- Microsoft just released an important fix related to the Secure Boot DBX through KB5012170.
- Thus, the Redmond tech giant managed to resolve the critical Secure Boot GRUB vulnerability.
- Read all about this important cumulative update and catch up on everything in the article below.
All the operating systems got patched this month, including Windows 11, Windows 10, Windows 7, and Windows 8.1.
But, among the most important releases this month, is the extremely important fix related to the Secure Boot DBX with its KB5012170 update.
Microsoft finally fixed critical Secure Boot GRUB vulnerability
Just in case you weren’t already aware, the Secure Boot Forbidden Signature Database or DBX is actually a block list for blacklisted UEFI executables that were found to be bad.
The above-mentioned KB5012170 update adds signatures of the known vulnerable UEFI modules to the DBX, meaning they will no longer be able to run after this update.
This time, these signatures are related to the GRand Unified Boot Loader (GRUB) vulnerability also called BootHole.

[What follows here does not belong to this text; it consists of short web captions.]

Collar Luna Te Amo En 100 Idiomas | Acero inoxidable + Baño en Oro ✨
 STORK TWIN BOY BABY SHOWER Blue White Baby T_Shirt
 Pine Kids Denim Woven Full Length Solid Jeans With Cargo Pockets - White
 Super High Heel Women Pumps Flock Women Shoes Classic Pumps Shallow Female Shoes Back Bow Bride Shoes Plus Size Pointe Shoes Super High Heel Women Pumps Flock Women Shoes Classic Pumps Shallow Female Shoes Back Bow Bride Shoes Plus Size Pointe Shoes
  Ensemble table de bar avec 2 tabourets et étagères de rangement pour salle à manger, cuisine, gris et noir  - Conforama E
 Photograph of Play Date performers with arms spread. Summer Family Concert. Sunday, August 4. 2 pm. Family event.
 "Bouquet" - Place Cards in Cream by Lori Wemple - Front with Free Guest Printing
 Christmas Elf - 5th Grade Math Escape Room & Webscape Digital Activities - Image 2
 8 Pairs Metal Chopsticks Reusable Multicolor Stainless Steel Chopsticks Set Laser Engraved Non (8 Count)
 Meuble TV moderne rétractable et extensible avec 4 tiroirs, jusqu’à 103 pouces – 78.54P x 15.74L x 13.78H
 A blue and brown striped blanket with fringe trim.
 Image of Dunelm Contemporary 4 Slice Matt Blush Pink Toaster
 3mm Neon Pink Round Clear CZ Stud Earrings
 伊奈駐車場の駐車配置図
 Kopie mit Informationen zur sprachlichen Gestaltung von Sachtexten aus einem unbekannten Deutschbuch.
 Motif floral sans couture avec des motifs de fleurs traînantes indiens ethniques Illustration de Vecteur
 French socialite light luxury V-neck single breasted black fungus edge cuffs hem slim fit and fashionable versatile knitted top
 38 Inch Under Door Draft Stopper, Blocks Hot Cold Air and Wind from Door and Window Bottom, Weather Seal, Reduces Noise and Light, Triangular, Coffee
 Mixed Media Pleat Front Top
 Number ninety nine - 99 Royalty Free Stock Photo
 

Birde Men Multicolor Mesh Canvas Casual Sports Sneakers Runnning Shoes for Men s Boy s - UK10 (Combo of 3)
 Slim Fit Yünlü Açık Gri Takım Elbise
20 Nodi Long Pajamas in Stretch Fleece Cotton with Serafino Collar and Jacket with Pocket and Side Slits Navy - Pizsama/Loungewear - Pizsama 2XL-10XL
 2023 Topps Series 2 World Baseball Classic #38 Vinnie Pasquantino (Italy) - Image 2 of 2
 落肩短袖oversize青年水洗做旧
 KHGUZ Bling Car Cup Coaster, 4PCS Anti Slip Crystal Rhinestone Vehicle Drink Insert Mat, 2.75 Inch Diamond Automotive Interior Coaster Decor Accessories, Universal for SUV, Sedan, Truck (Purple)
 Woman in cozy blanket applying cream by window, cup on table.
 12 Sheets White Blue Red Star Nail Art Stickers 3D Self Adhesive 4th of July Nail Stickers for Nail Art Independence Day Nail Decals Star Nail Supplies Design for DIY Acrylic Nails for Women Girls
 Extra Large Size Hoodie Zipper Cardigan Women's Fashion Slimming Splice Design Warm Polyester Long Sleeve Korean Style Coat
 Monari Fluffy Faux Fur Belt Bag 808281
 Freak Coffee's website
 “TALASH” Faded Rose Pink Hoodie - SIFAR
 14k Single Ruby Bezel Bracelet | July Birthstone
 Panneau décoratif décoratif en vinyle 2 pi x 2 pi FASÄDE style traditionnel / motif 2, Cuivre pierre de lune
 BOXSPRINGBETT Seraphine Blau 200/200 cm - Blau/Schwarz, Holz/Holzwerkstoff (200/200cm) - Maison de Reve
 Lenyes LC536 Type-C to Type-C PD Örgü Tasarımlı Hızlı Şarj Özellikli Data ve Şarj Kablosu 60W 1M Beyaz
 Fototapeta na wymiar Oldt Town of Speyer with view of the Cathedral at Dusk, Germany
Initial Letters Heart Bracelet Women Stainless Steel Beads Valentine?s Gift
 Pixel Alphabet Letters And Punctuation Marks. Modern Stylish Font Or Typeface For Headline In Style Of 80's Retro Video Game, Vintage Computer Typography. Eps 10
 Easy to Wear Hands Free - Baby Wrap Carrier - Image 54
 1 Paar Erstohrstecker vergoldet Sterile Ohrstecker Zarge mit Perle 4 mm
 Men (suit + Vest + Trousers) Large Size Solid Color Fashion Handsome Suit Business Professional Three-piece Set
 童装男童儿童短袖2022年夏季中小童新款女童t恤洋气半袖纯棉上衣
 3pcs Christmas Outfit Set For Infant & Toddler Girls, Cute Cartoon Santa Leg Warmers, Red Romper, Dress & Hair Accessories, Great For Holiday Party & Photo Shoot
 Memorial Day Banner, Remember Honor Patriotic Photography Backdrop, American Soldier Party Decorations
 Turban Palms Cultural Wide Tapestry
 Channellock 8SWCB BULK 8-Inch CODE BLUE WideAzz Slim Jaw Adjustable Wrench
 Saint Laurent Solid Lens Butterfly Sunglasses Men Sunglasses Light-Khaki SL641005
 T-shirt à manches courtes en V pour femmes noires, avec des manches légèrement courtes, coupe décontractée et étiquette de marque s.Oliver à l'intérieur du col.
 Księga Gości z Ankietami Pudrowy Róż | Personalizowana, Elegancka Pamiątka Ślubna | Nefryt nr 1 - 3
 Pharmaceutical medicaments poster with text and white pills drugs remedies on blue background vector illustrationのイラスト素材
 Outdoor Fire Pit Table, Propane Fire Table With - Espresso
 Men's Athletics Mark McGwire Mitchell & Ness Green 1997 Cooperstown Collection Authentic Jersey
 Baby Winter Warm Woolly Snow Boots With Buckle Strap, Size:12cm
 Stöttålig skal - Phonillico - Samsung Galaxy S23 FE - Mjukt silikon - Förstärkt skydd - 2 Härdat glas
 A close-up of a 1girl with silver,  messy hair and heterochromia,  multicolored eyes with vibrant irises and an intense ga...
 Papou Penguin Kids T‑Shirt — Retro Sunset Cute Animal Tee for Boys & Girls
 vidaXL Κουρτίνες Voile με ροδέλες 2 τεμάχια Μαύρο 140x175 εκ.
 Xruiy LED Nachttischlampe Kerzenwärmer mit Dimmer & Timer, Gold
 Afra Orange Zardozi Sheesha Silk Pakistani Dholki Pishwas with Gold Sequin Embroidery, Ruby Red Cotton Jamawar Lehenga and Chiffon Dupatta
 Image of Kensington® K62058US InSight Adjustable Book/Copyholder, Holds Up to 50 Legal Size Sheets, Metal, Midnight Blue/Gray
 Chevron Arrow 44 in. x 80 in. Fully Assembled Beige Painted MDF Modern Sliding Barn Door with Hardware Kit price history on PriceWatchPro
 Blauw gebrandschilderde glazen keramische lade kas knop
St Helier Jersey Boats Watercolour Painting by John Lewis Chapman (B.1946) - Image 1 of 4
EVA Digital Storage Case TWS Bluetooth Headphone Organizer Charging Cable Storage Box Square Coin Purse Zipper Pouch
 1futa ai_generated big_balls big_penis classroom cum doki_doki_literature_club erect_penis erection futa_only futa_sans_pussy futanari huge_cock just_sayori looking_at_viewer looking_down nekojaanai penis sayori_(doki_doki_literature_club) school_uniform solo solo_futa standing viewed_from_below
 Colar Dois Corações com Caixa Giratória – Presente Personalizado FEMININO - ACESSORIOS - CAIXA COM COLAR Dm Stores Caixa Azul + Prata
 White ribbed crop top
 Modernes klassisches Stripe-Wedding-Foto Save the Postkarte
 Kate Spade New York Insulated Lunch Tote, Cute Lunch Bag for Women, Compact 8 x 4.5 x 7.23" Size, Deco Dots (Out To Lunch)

As we said, and as Microsoft confirmed, this security update makes improvements to Secure Boot DBX for the supported Windows versions listed in the Applies to section.
The Redmond tech giant mentioned that these key changes include the following:
- Windows devices that has Unified Extensible Firmware Interface (UEFI) based firmware can run with Secure Boot enabled. The Secure Boot Forbidden Signature Database (DBX) prevents UEFI modules from loading. This update adds modules to the DBX.
You should also know that a security feature bypass vulnerability exists in secure boot. Thus, an attacker who successfully exploited the vulnerability might bypass secure boot and load untrusted software.
That being said, KB5012170 successfully addresses the vulnerability by adding the signatures of the known vulnerable UEFI modules to the DBX.
What Windows versions is this update for?
The tech company also included all the versions that this update will fix the issue for in the official release notes.
So, without any further ado, we’ll say that KB5012170 fixes the problem for:
- Windows Server 2012
- Windows 8.1 and Windows Server 2012 R2
- Windows 10, version 1507
- Windows 10, version 1607 and Windows Server 2016
- Windows 10, version 1809 and Windows Server 2019
- Windows 10, version 20H2
- Windows 10, version 21H1
- Windows 10, version 21H2
- Windows Server 2022
- Windows 11, version 21H2 (original release)
- Azure Stack HCI, version 1809
- Azure Stack Data Box, version 1809 (ASDB)
Of course, download for this cumulative update is available via Windows Update as part of the Patch Tuesday package, but you can also get the standalone update from the Microsoft Update Catalog website.
What can I do if KB5012170 fails to install?
- Press Win+ I to access Settings.
- Select the System category and click on Troubleshoot.
- Press the Other troubleshooters button.
- Press the Run button next to Windows Update.